Word for word, retype the tail of the data below, starting with the line that has "A Quilt For the Die Hard Fan" and including the last line.

[Stored data]

_ _ _ _

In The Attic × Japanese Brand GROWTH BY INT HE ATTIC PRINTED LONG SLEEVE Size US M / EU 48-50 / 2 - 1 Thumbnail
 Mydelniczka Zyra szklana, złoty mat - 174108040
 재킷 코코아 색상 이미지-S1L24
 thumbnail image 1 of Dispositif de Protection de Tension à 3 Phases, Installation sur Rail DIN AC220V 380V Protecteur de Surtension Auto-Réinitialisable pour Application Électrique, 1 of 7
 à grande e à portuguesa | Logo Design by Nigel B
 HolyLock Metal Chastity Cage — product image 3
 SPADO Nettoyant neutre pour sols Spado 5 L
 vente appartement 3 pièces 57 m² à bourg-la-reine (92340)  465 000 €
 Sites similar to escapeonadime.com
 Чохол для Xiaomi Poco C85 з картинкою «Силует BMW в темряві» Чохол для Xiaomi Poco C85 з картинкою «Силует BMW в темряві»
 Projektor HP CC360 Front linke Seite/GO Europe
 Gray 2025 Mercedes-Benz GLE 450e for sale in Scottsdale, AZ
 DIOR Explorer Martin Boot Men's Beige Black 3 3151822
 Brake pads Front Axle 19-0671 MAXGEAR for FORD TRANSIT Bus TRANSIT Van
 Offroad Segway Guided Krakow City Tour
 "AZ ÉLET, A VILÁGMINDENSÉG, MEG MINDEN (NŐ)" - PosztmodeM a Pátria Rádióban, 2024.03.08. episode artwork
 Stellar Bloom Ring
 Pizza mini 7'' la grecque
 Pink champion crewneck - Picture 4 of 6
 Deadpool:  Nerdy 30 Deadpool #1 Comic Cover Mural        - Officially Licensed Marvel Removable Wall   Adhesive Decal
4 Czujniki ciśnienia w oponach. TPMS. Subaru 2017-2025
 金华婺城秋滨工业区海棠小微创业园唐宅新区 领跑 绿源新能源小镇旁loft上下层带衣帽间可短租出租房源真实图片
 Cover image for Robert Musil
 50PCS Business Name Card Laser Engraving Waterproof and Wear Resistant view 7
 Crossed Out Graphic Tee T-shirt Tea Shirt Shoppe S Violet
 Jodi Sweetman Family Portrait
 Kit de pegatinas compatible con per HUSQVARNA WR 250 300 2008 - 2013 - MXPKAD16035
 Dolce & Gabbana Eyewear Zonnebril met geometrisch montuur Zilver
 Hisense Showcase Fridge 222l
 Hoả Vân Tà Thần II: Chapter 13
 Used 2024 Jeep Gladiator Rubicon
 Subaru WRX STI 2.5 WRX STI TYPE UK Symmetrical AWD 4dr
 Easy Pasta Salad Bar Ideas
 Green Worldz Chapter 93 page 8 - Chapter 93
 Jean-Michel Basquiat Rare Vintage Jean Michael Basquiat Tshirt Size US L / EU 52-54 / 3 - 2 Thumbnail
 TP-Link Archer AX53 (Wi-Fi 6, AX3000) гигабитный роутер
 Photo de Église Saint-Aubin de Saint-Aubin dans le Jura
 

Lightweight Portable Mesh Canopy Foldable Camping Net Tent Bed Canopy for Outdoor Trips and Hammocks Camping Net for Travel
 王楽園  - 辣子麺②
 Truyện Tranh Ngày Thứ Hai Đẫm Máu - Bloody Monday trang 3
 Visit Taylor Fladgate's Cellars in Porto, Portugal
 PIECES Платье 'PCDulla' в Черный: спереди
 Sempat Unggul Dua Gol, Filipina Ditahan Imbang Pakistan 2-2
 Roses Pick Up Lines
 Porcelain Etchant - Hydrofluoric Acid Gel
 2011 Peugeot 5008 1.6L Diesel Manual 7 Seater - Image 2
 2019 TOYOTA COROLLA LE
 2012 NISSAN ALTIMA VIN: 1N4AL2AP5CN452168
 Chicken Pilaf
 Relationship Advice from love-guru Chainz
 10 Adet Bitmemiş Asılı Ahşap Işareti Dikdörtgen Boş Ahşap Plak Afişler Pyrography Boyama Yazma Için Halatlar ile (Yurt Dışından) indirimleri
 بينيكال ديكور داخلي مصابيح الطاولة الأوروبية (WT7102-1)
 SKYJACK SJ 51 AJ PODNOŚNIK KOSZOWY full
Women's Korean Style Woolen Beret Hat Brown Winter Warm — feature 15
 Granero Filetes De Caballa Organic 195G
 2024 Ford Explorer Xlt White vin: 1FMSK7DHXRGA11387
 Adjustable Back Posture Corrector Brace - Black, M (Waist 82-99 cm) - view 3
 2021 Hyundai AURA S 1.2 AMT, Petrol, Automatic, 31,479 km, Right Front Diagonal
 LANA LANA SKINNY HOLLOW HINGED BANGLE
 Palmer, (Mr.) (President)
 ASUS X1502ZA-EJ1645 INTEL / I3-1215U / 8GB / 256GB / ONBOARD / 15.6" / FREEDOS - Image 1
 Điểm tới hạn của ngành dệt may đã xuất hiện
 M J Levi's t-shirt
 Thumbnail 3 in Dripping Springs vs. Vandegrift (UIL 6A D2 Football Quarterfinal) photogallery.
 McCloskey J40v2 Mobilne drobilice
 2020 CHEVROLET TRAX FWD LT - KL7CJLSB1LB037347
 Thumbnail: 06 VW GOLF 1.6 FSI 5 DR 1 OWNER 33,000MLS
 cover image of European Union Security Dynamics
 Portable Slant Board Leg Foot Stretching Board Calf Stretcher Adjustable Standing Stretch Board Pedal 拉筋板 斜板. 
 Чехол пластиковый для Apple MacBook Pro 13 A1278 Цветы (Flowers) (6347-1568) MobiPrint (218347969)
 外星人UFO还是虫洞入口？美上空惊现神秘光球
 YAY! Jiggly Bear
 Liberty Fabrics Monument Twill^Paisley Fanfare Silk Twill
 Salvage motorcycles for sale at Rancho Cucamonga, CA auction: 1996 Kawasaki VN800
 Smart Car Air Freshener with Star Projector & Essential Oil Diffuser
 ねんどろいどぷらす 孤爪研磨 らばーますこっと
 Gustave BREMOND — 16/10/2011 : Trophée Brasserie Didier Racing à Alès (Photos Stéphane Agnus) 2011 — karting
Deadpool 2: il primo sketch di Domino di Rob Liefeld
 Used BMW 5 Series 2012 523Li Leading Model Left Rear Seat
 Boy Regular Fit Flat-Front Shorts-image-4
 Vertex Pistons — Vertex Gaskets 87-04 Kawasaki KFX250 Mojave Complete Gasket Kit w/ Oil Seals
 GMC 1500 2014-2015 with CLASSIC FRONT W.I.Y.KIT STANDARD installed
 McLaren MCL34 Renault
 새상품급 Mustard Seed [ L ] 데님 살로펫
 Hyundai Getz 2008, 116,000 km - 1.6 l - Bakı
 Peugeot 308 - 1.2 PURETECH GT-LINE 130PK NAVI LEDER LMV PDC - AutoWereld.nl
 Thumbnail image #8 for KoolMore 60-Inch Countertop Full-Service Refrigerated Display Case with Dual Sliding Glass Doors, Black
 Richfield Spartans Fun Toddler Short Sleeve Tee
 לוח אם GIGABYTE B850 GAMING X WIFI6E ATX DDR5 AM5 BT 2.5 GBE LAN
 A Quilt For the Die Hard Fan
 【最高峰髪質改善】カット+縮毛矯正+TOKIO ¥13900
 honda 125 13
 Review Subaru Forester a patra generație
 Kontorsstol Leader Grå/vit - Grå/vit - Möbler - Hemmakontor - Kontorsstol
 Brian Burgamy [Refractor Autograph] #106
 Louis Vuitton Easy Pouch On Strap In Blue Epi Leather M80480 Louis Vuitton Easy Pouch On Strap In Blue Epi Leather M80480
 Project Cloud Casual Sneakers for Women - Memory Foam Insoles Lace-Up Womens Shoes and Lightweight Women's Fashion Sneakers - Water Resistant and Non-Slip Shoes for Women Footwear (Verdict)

_ _ _ _

* RESPONSE TO THIS TASK:
 A Quilt For the Die Hard Fan
 【最高峰髪質改善】カット+縮毛矯正+TOKIO ¥13900
 honda 125 13
 Review Subaru Forester a patra generație
 Kontorsstol Leader Grå/vit - Grå/vit - Möbler - Hemmakontor - Kontorsstol
 Brian Burgamy [Refractor Autograph] #106
 Louis Vuitton Easy Pouch On Strap In Blue Epi Leather M80480 Louis Vuitton Easy Pouch On Strap In Blue Epi Leather M80480
 Project Cloud Casual Sneakers for Women - Memory Foam Insoles Lace-Up Womens Shoes and Lightweight Women's Fashion Sneakers - Water Resistant and Non-Slip Shoes for Women Footwear (Verdict)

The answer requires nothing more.